The National Council for Voluntary Organisations (NCVO) recently established an independent Charity Tax Commission to undertake a full review of the impact of the tax system on charities.
The commission is being chaired by Sir Nicholas Montagu former chair of the Inland Revenue, who has published his thoughts in a ‘guest blog’ for BVSC. It makes for a concerning read. The argument presented hints strongly a threat to the tax relief enjoyed by charities and the crux of the argument is built in on the statement:
“every year the tax system gives nearly £4bn to charities in tax relief …… this presents an interesting question about where and how government money does and should go to charities.”
This strikes me as terminally flawed, implying, as it does, that no having to pay money is the same as receiving a donation.
A person who earns less than £11,500 does not pay tax, is the Government ‘giving’ them 20% of what they do earn? A business that turns over less than £85,000 is not required to pay VAT, is the Government giving the customers of that business 20% of what they pay for goods or services obtained there? If I park my car in Knowle for 4 hours on a weekly afternoon, I must pay £2, but if I go for 4 hours after 6pm it is free, is that then Solihull Council putting two pounds into my pocket. I think not!

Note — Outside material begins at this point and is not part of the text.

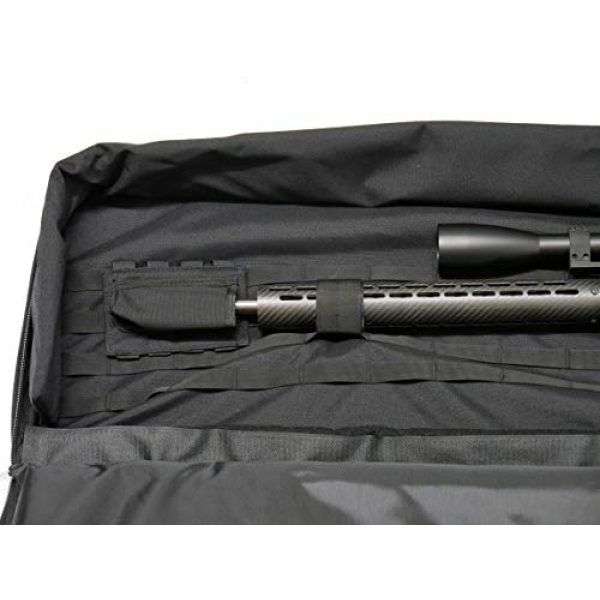 Defender Outdoors Rifle Case 4 Defender Outdoors Double Rifle Soft Case 50" x 14" x 5"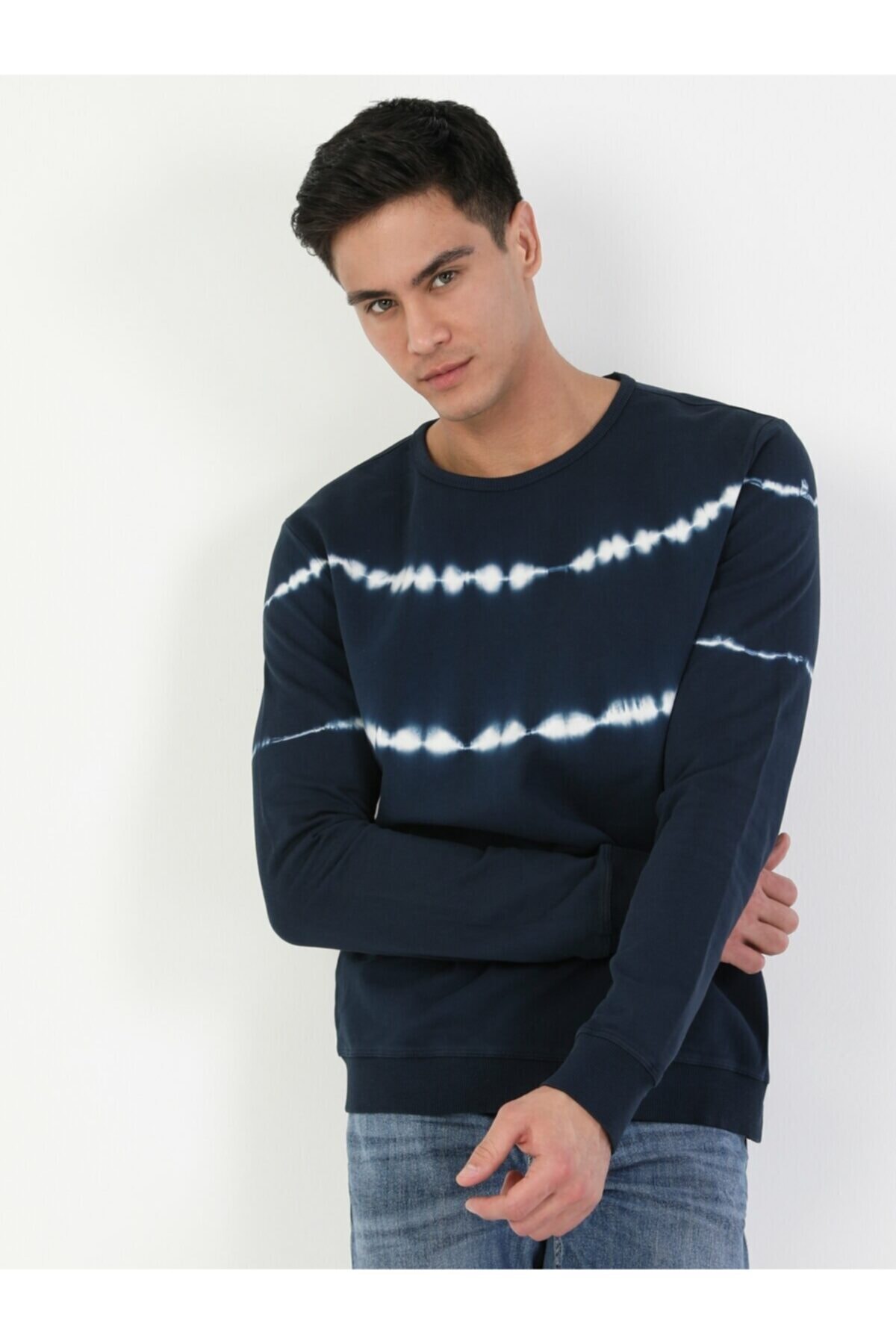 Colin's Regular Fit Erkek Lacivert Sweatshirt | www.whisperingpines.co.uk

It becomes clear from the remainder of the piece that there are concerns about the ways in which some charities do charities and whether this is tantamount to abuse of the tax relief privilege. Few of us would argue with that. There are charities, mostly better known ones, which spend monstrous sums on branding, marketing and fundraising and leverage insufficient value from that expenditure. But that is not the norm.
Where there is abuse, the answer should be better regulation to penalise the guilty, not withdrawal of a beneficial concession that affects the innocent as well.
There is no question that, as a result of diminishing availability of grants and reduced generosity of the public in fundraising, a majority of, particularly small, charities have finances which sit on a knife edge and they turn income into social value with great effect. The imposition of a tax burden is likely to push a significant number over the edge.
It may be, of course, that Mr Montagu’s blog is setting out a controversial argument deliberately in order to provoke response. I would say that, if so, that would be an unworthy tactic, likely to cause unnecessary angst in a sector that is already under strain.
Whatever the motive, we should robustly defend charity tax reliefs through the consultation processes.